Task statement >> Every line of the material must be restated exactly, though not its pictures.

Material shown >>
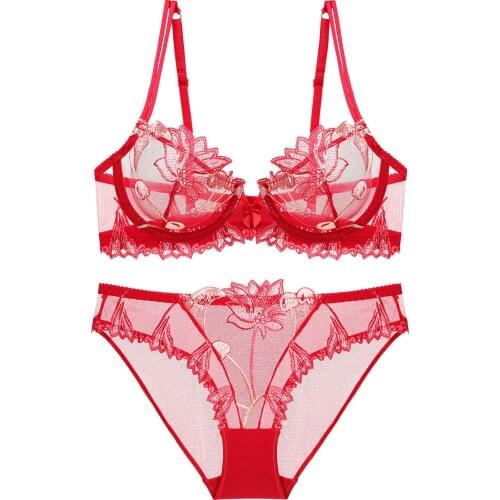 New Style Lingerie Set Ultra-Thin Transparent Lace Mesh Flower Embroidery Sexy Women Underwear Bra Set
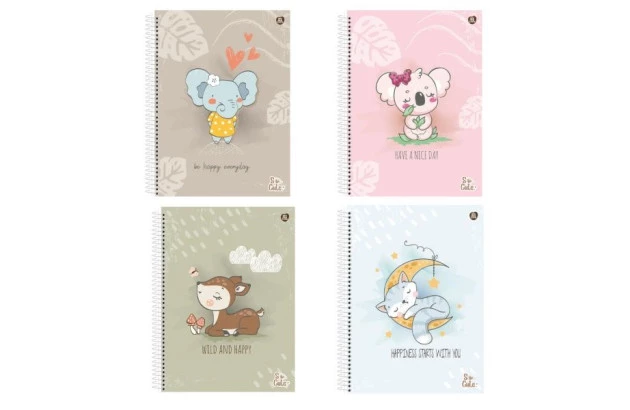 CADERNO UNIVERSITÁRIO 1 MATÉRIA 80 FOLHAS CAPA DURA SO CUTE ANIMATIVA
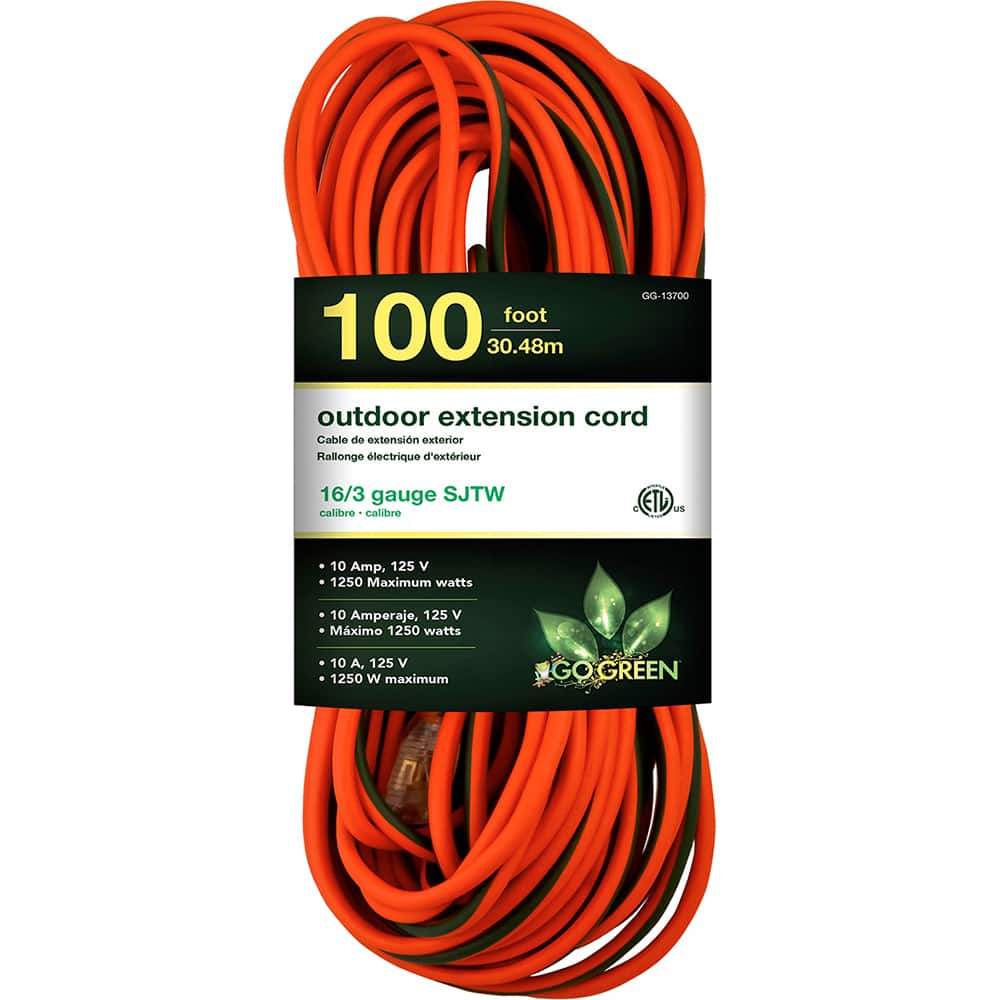 Power Cords, Cord Type: Extension Cord , Overall Length (Feet): 100 , Cord Color: Orange , Amperage: 10 , Voltage: 125  MPN:GG-13700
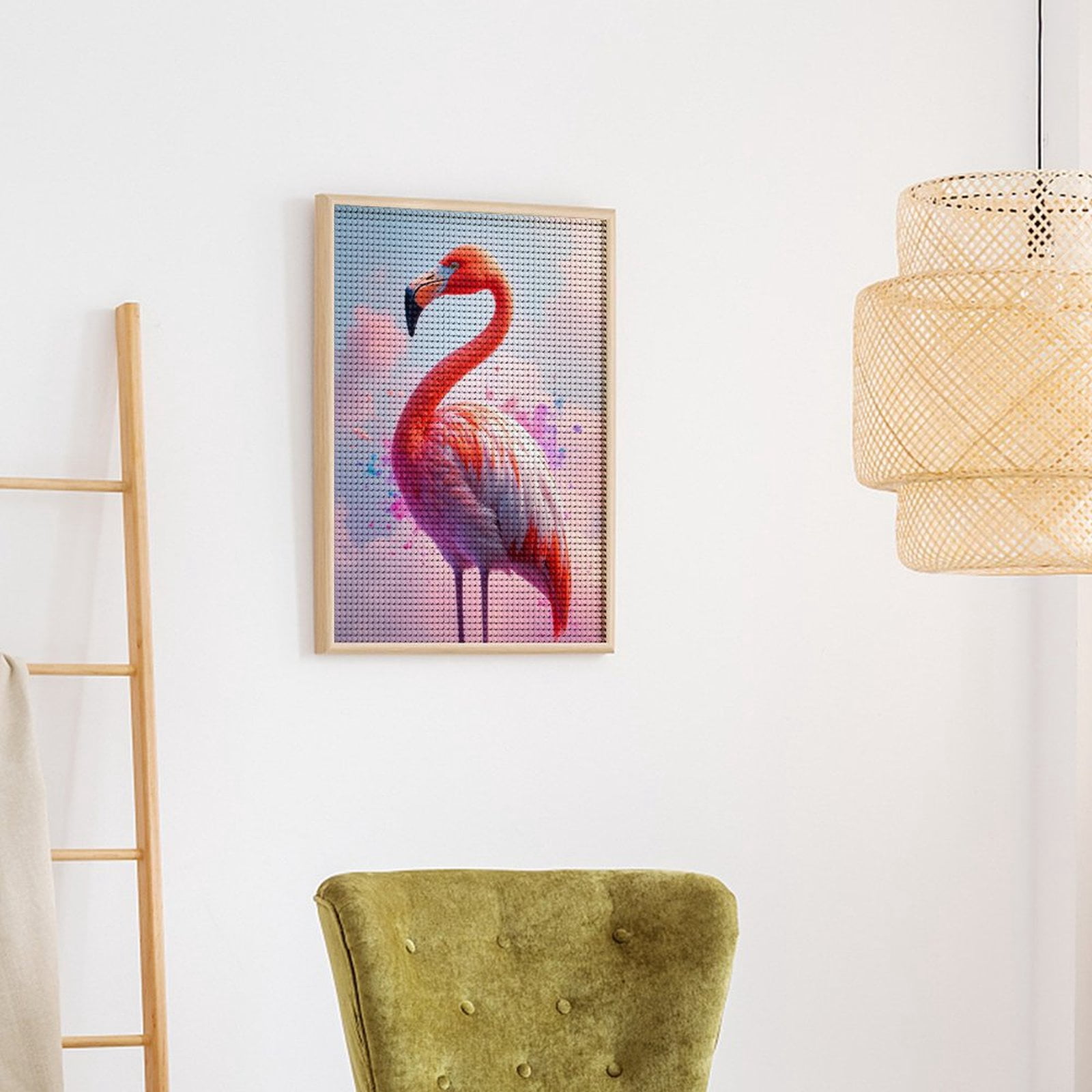 Diamond Art Kits for Adults, Pink Flamingo Colorful Sky 5D Diamond Painting Kits for Adults Beginners, DIY Full Drill Diamond Painting, Gem Art and Crafts 12x16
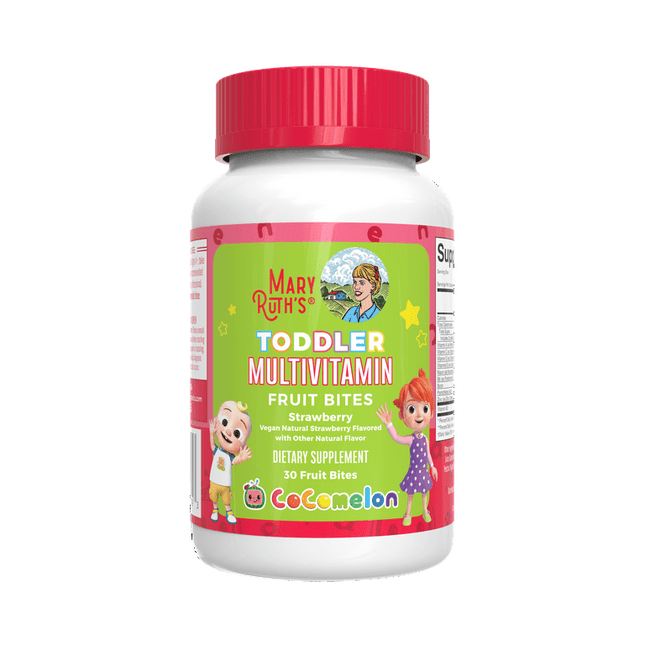 MaryRuth Organics Cocomelon Toddler Multivitamin, Organic, 30 Strawberry Fruit Bites
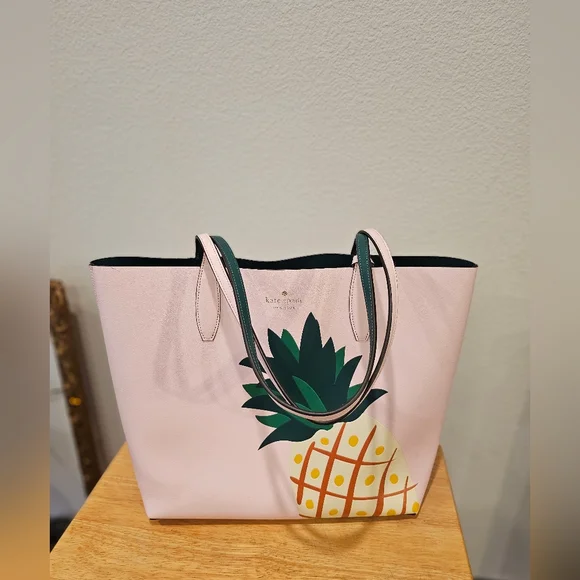 - Kate Spade Pink and Green Tote with Tropical Design - Picture 13 of 14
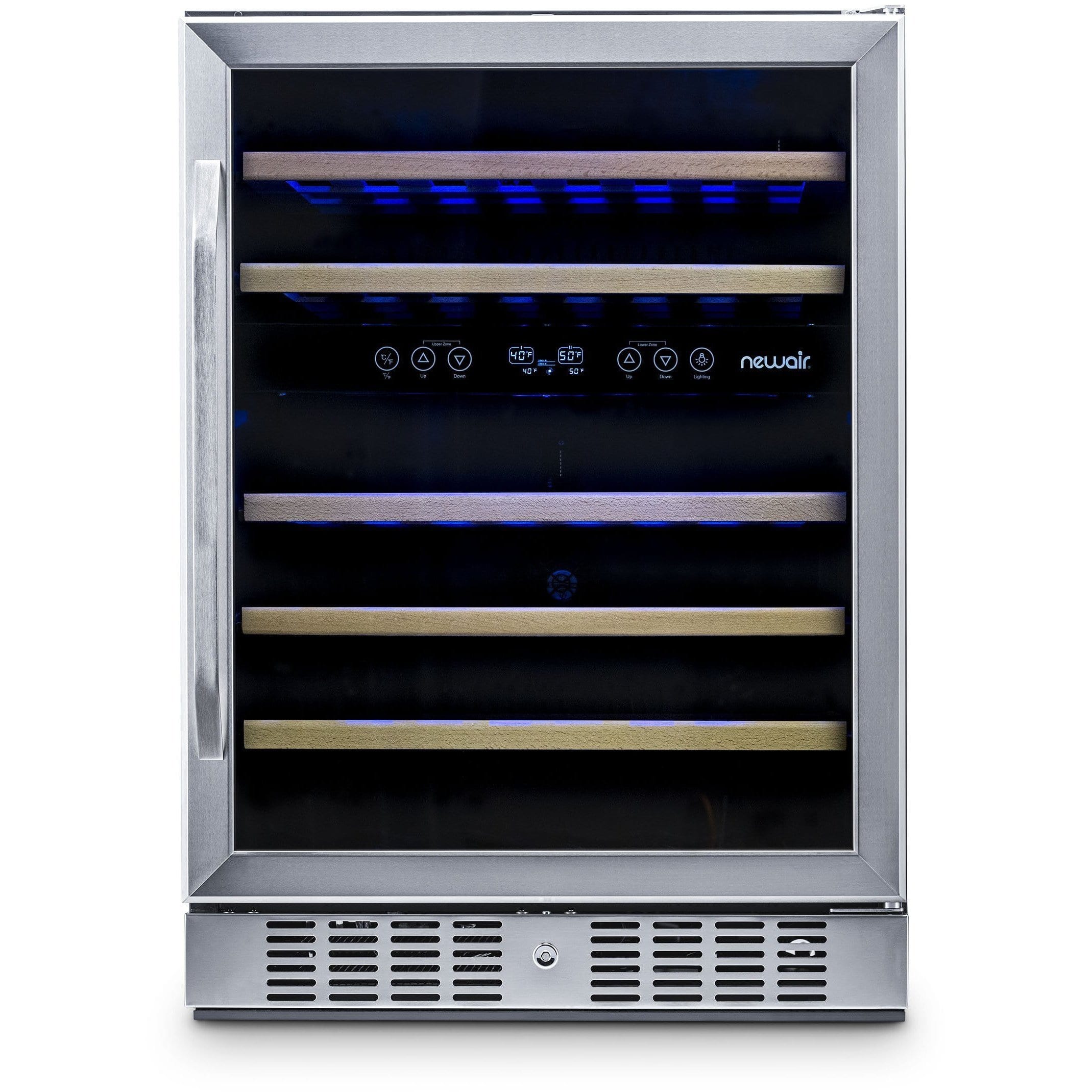 NewAir 24” Wide Built-in 46 Bottle Dual Zone Wine Refrigerator AWR-460DB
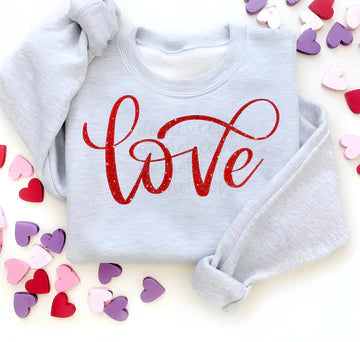 Love Sequin Gildan Unisex Heavy Blend™ Crewneck Sweatshirt White
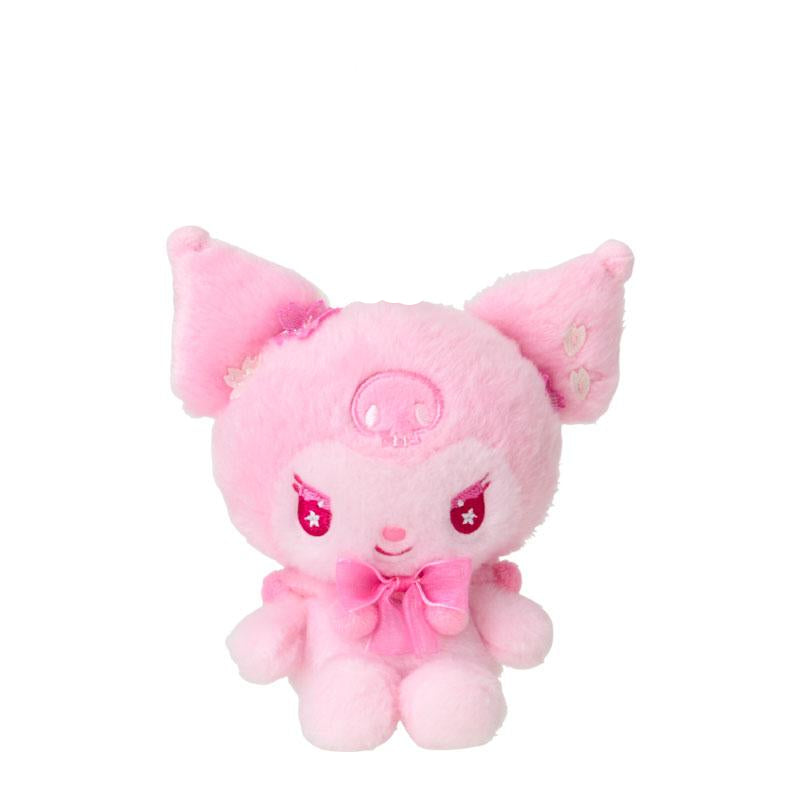 Close-up of the Sakura Blossoms Kuromi plush keychain showcasing floral details.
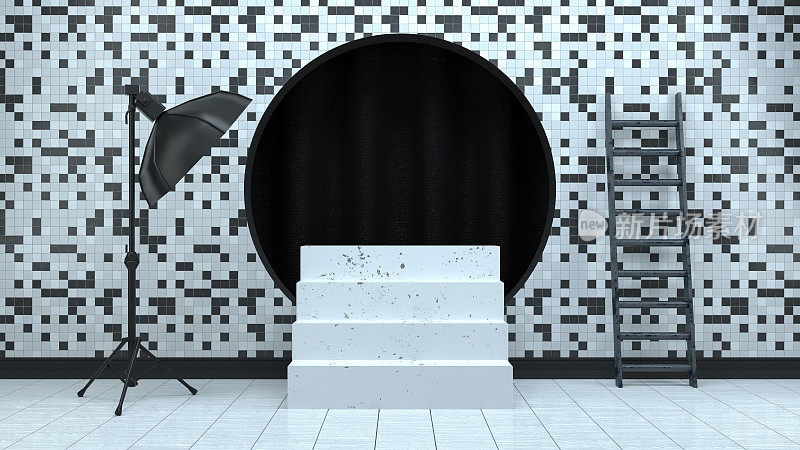 3D空楼梯产品架，平台，抽象的最小概念，黑白格子图案背景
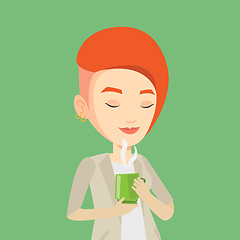 Image showing Woman enjoying cup of coffee vector illustration
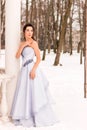 Beautiful woman in a luxurious blue fairy-tale dress in a snowy forest Royalty Free Stock Photo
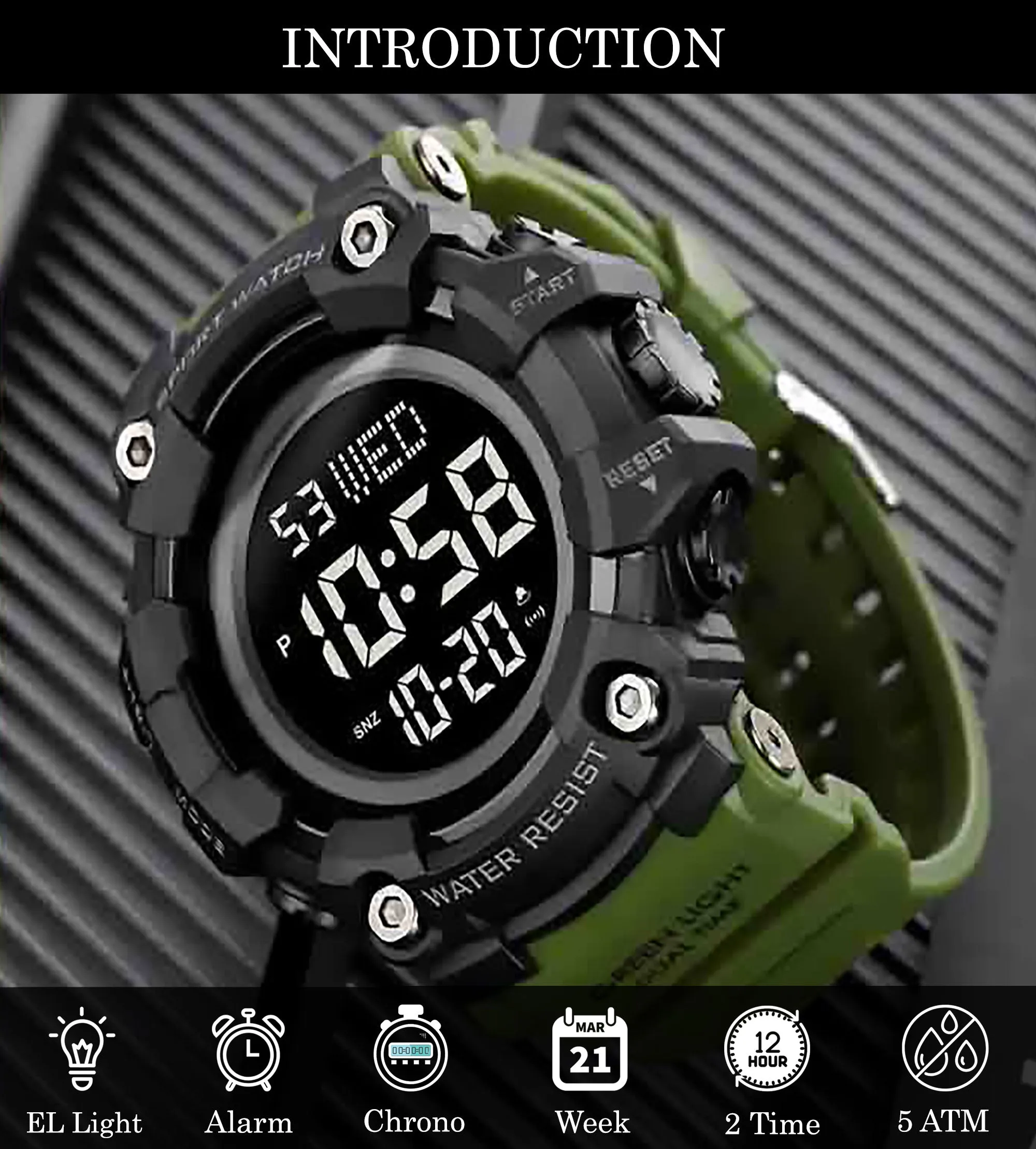 V2A Men Big and Bold Digital Sports Watch with Dual Time Stopwatch Countown Timer 5 ATM Waterproof Digital Sports Watch for Men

Output >>
 New Style Lingerie Set Ultra-Thin Transparent Lace Mesh Flower Embroidery Sexy Women Underwear Bra Set
 CADERNO UNIVERSITÁRIO 1 MATÉRIA 80 FOLHAS CAPA DURA SO CUTE ANIMATIVA
 Power Cords, Cord Type: Extension Cord , Overall Length (Feet): 100 , Cord Color: Orange , Amperage: 10 , Voltage: 125  MPN:GG-13700
 Diamond Art Kits for Adults, Pink Flamingo Colorful Sky 5D Diamond Painting Kits for Adults Beginners, DIY Full Drill Diamond Painting, Gem Art and Crafts 12x16
 MaryRuth Organics Cocomelon Toddler Multivitamin, Organic, 30 Strawberry Fruit Bites
 - Kate Spade Pink and Green Tote with Tropical Design - Picture 13 of 14
 NewAir 24” Wide Built-in 46 Bottle Dual Zone Wine Refrigerator AWR-460DB
 Love Sequin Gildan Unisex Heavy Blend™ Crewneck Sweatshirt White
 Close-up of the Sakura Blossoms Kuromi plush keychain showcasing floral details.
 3D空楼梯产品架，平台，抽象的最小概念，黑白格子图案背景
 Image showing Woman enjoying cup of coffee vector illustration
 Beautiful woman in a luxurious blue fairy-tale dress in a snowy forest Royalty Free Stock Photo
 V2A Men Big and Bold Digital Sports Watch with Dual Time Stopwatch Countown Timer 5 ATM Waterproof Digital Sports Watch for Men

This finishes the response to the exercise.